All the while I was trying to protect him. Trusting them and trying to work with them, not against them when, I was broken and vulnerable, trying to get the help I needed at the "right place" from the "right people."
This is not okay.
I am sorry Perri. I know it is possible you were simply broken too, but, you, my friend, were the one in the position of power and you used me and then abused me by discarding me so carelessly as if I were trash. I am not. You most certainly misjudged and misrepresented me.
And even it it is just me speaking out for me, I am worth standing up for and I am worth fighting for.
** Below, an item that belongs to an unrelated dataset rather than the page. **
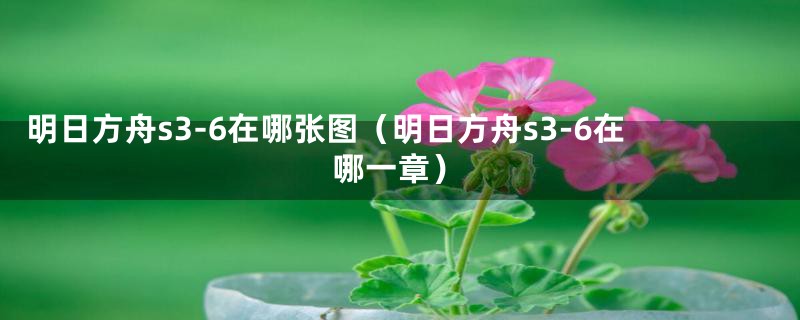 明日方舟s3-6在哪张图（明日方舟s3-6在哪一章）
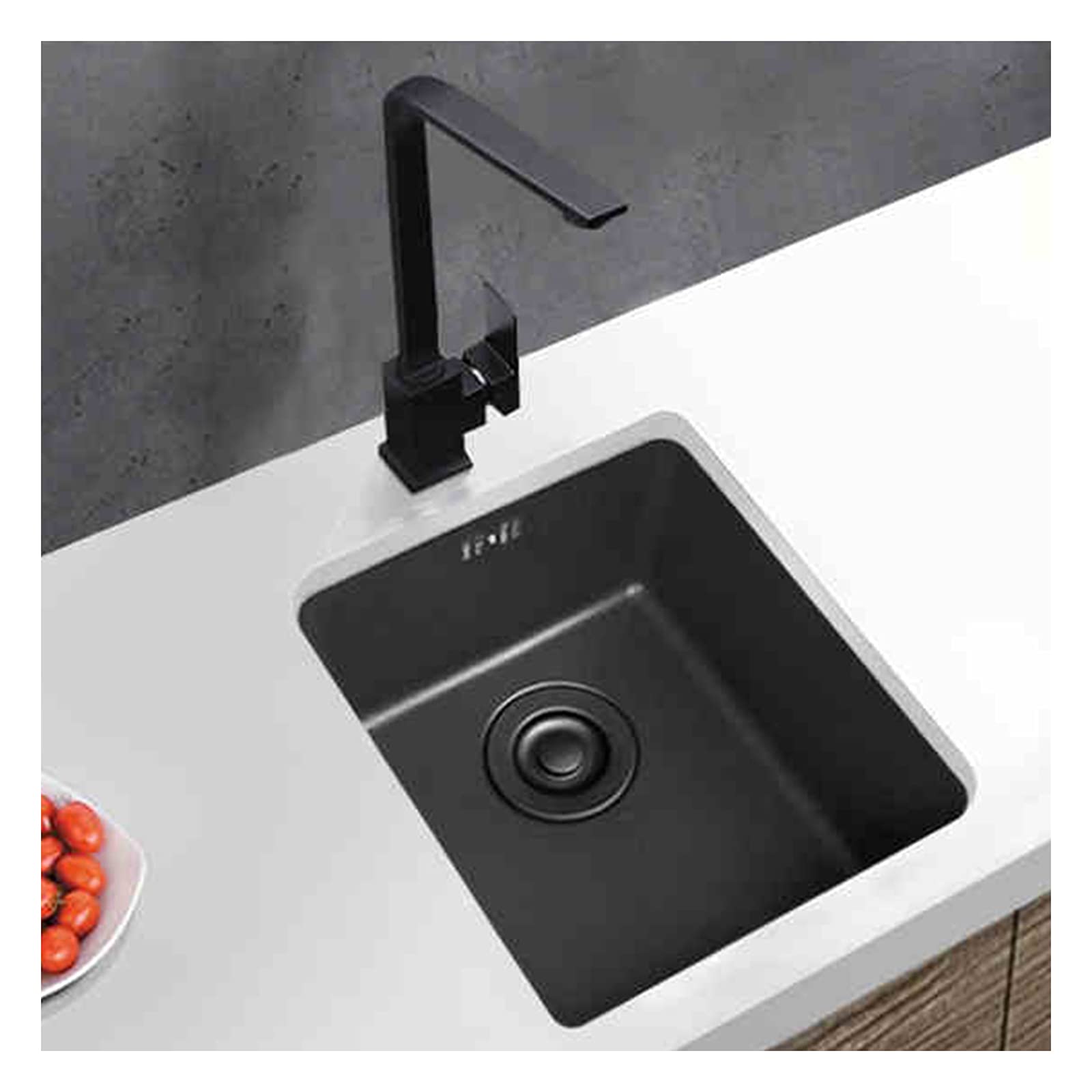 Lavello in Acciaio Inox, lavello da Cucina a Una Vasca, lavello da Incasso per postazioni di Lavoro, con componenti di Scarico, utilizzato per banconi da Bar, Garage, Camper, Case coloniche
Just as I told Office Director "I don't know what it looks like but I know I need to stand up for myself" I am now starting to see how I need to, what I need to do, and sadly, it is not so pretty due to the way this has progressed.
Sigh...
stability
brings with it the ability
to fight back.
But you probably knew that way back when
"you broke me"
"I did not mean too"

My mind and heart are speaking to me in slight rhyme again and I wonder:

You used me to stroke your delicate ego, maybe heal your broken heart
subtly feeding me your fantasy
then when it all came crashing down
you ran out of town
claiming it was me that had played with you.
which is not even possible considering the "imbalance of power" and the rules that govern you.